Quando Norton saía pelas ruas de São Francisco, sua corte real de dois cães vira-latas quase sempre estaria por perto. Famosos pela capacidade de manter a população de ratos sob controle, Bummer e Lazarus eram companhias constantes. Como o próprio Imperador, eles logo acharam o caminho para os corações dos cidadãos de São Francisco. Quando um agente novato da carrocinha levou Lazarus por engano uma vez, uma multidão enraivecida protestou vigorosamente; e os oficiais da cidade rapidamente anunciaram que os cães teriam passe-livre para andar pela cidade. Mas apesar de sua liberdade, eles pareciam preferir seguir o Imperador. Nos balcões de almoço gratuito, especialmente, eles podiam ser vistos nos calcanhares de seu rei enquanto esperavam que ele os atirasse alguns pedaços selecionados. Norton gozava dos poderes e privilégios cabíveis a um imperador, mas ele fazia mais do que simplesmente aceitar o tributo de seus súditos. Norton I era um monarca trabalhador. Conquanto muito de seu tempo fosse gasto inspecionando seu domínio, ele nunca renegava o trabalho burocrático. Durante seu reinado Norton emitiu uma grande variedade de documentos reais, e, como súditos reais, os editores de jornais seguiam suas ordens e os imprimiam.

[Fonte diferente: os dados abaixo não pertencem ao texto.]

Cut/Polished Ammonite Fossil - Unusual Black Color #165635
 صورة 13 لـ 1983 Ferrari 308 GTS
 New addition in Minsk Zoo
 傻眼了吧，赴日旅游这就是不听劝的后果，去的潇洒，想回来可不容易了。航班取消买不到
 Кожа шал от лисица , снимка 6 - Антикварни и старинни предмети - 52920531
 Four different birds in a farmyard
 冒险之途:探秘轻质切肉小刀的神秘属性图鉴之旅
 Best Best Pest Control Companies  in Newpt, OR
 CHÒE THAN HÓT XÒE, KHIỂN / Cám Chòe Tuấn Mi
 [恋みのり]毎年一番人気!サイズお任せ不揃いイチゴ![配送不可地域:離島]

Na cena local, Norton certa vez emitiu uma proclamação para assegurar que o respeito merecido fosse dado à sua amada capital. “Qualquer um após devido e próprio aviso,” ele proclamou , “for ouvido proferir a ventral palavra ‘Frisco’, que não possui garantia linguística ou qualquer outra, deverá ser considerado culpado de um Alto Delito”. A penalidade por não cumprimento era de 25 dólares. A proclamação obviamente se provou difícil de aplicar, mas muitos nativos de São Francisco até hoje a obedecem. Aparentemente, Norton I pode ter perdido contato com a realidade, mas seus objetivos altruístico e aspirações para seu país adotivo – e sua compreensão sobre o que o país precisava – eram notáveis.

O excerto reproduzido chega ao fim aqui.